*** Block opens ***

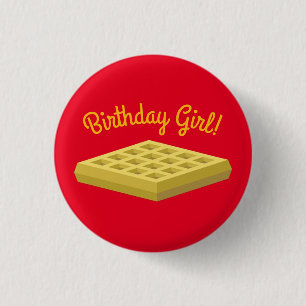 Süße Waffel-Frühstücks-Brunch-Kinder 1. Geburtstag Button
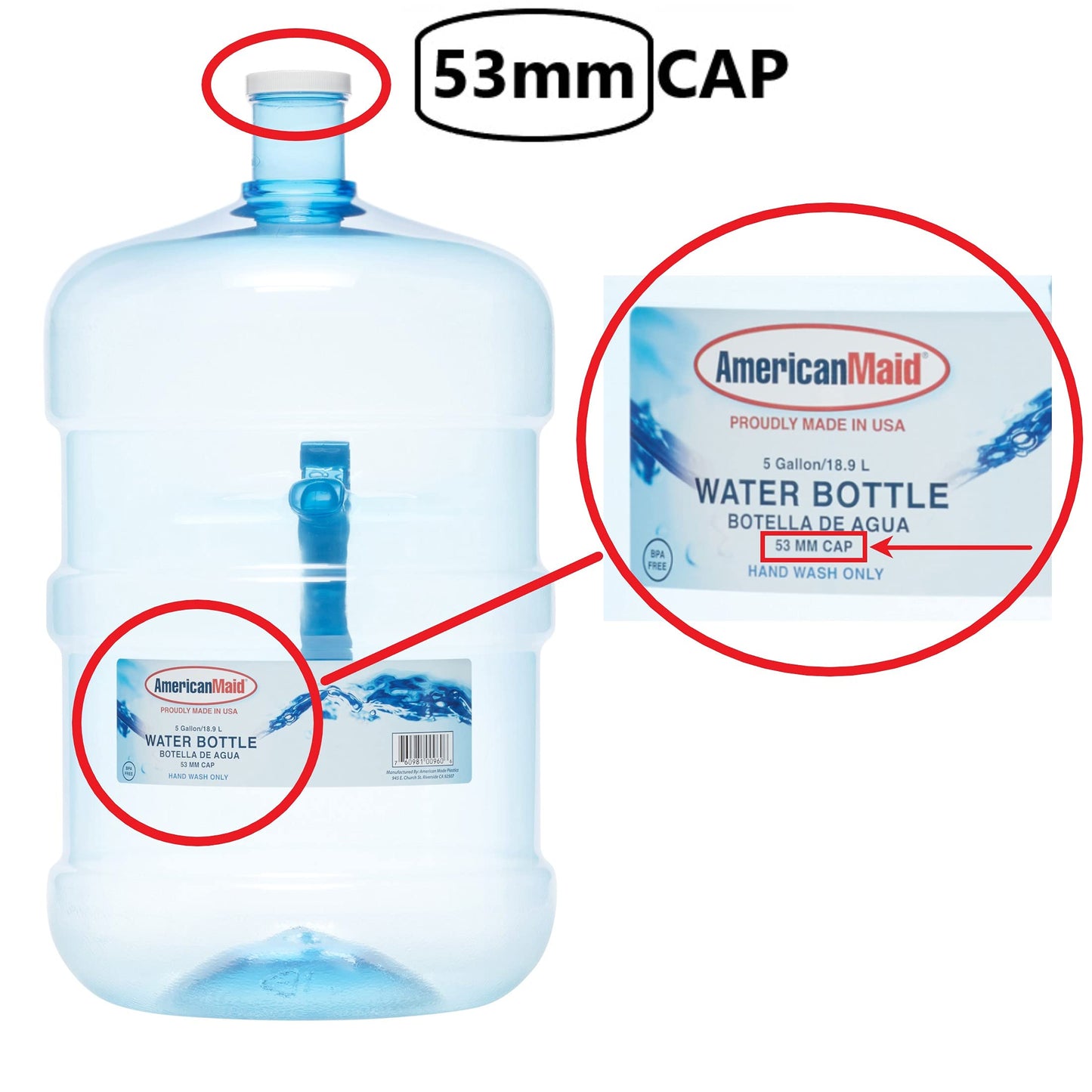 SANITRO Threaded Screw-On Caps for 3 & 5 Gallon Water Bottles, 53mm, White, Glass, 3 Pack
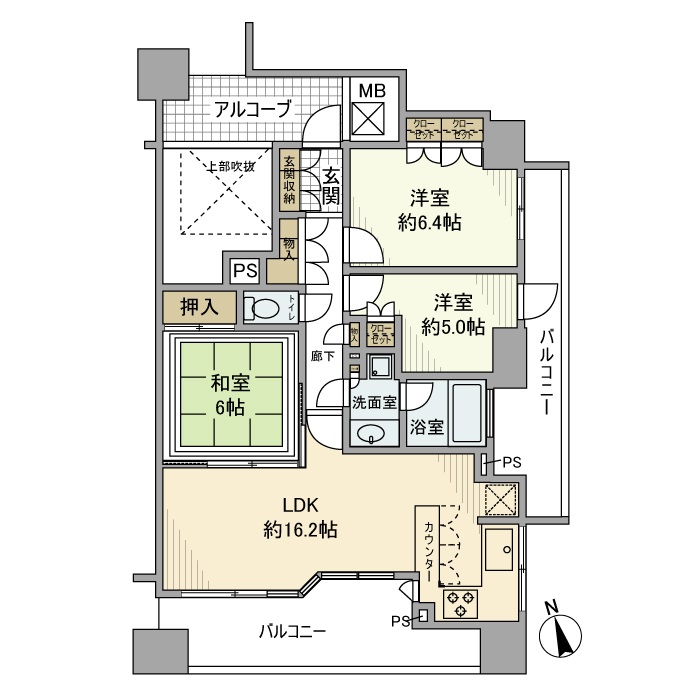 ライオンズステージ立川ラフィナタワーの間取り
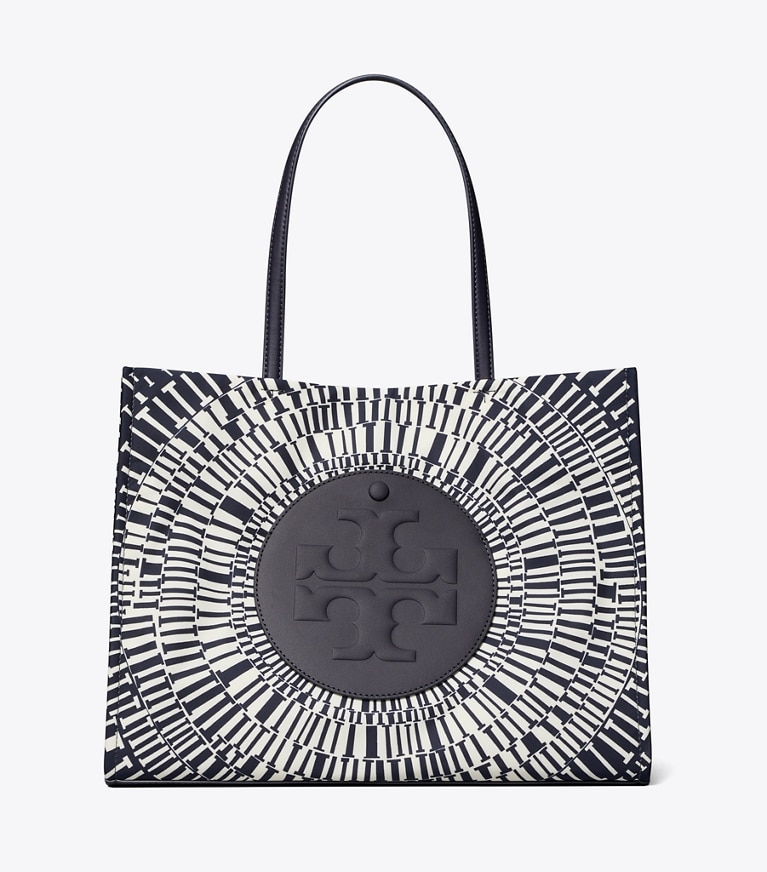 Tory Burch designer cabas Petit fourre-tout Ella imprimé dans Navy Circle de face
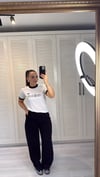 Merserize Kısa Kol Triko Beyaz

*** Block closes ***
*** Block opens ***

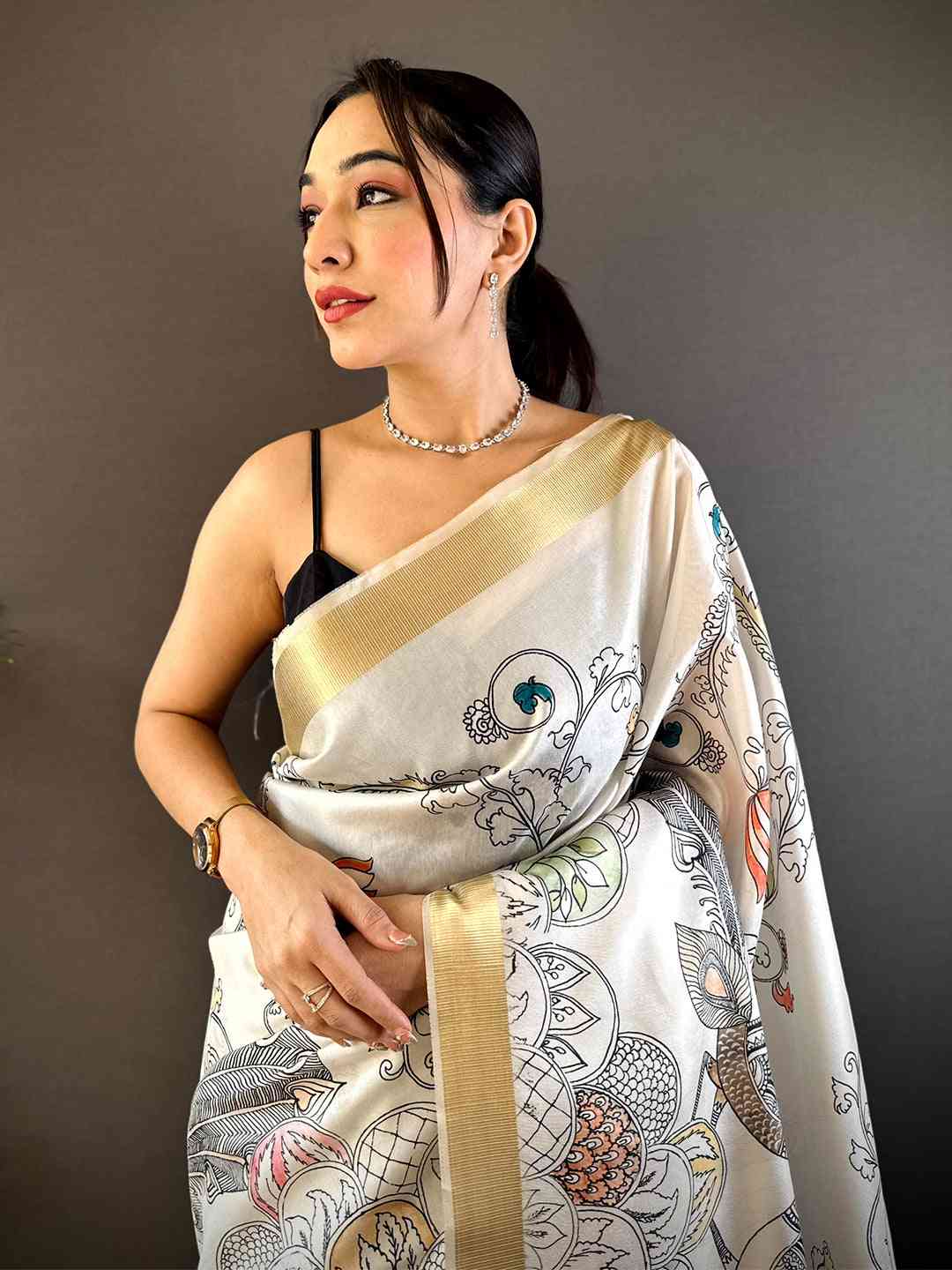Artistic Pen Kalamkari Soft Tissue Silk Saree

*** Block closes ***

Extract from the material above the stretch running from the line containing "Süße Waffel-Frühstücks-Brunch-Kinder 1." through the line containing "Merserize Kısa Kol Triko Beyaz". Keep the text exact and the pictures out.

 Süße Waffel-Frühstücks-Brunch-Kinder 1. Geburtstag Button
 SANITRO Threaded Screw-On Caps for 3 & 5 Gallon Water Bottles, 53mm, White, Glass, 3 Pack
 ライオンズステージ立川ラフィナタワーの間取り
 Tory Burch designer cabas Petit fourre-tout Ella imprimé dans Navy Circle de face
 Merserize Kısa Kol Triko Beyaz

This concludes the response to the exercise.